They are like a tweaked McCarty. Take a McCarty neck and make it a little more narrow and maybe overall a little smaller, put bigger frets on it

, it's own pickups which are better than the dark McCarty pickups. It can also do split sounds decent enough. It won't replace a strat 2,4 position sounds but it splits the buckers better than a lot of guitars. Of course it tunes with ease and stays in tune great.
When I did a lot of comparing between a McCarty and a Custom 24 I thought the McCarty sounded fatter and I don't like 24 fret guitars in general especially since the neck bucker doesn't sound right to me. So since a DGT is basically a tweaked McCarty it's more tonewise where I want it to be.

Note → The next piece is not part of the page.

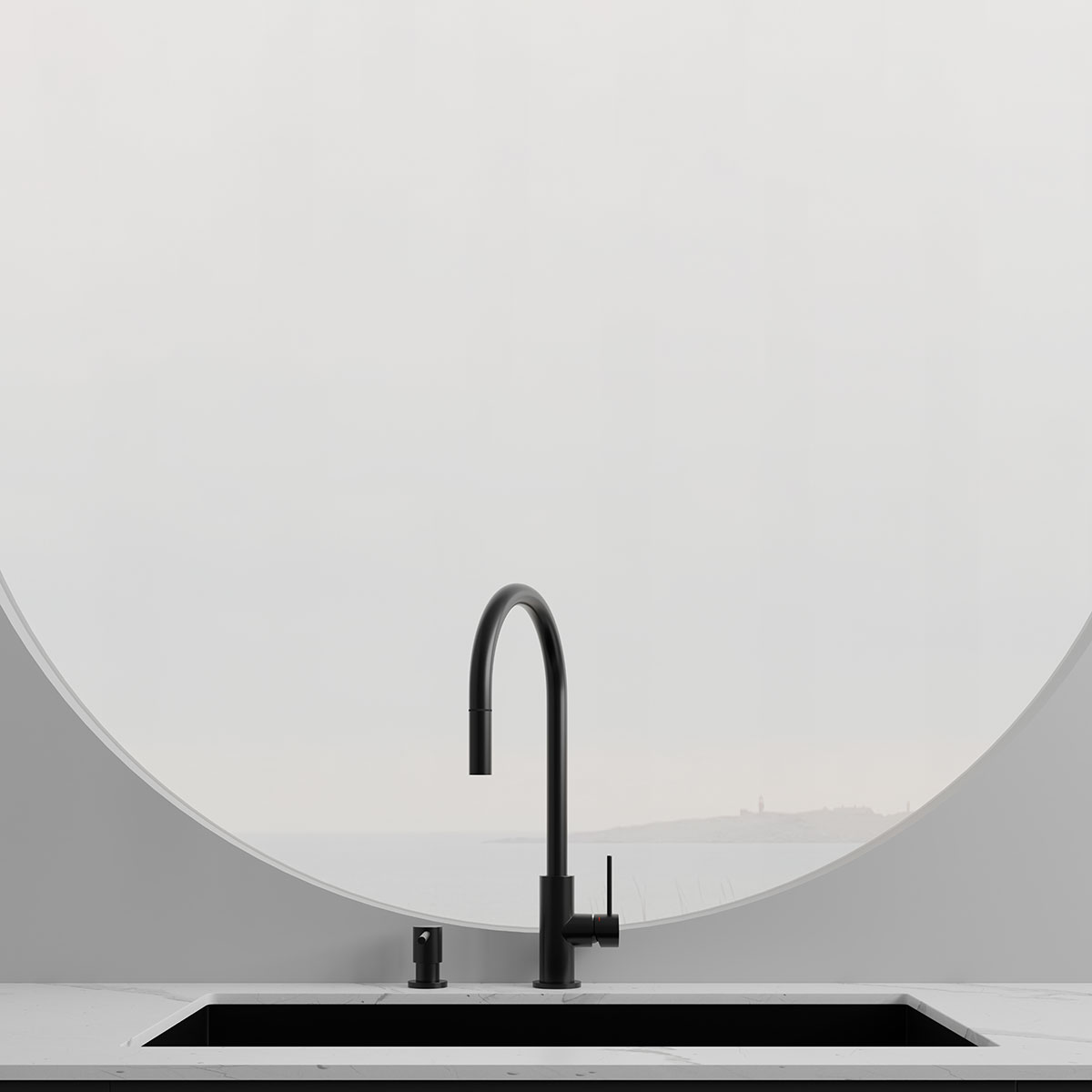 Köksblandare Scandtap Steel Accent Shadow D med Diskmaskinsa Shadow Med Oppvaskmaskinavstengning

Does it sound like a Les Paul? Not exactly but it's not too far off. The DGT neck pickup for distorted leads is like liquid crack. It has a very thick woolly sound, think Gary Moore Still Got The Blues. The bridge pickup sounds good but it may not be as tight as a good LP and it might lack a little of that LP bark. But again, it still sounds great.
Compared to a strat, not exactly either. But since it covers thick humbucker tones and it does split tones well it's an extremely versatile guitar. If you could take 1 guitar to a gig this would be a good one.
And the neck again, for me is really nice. If you like bigger Gibson 50's neck you may not like it. There's tons of threads on TGP.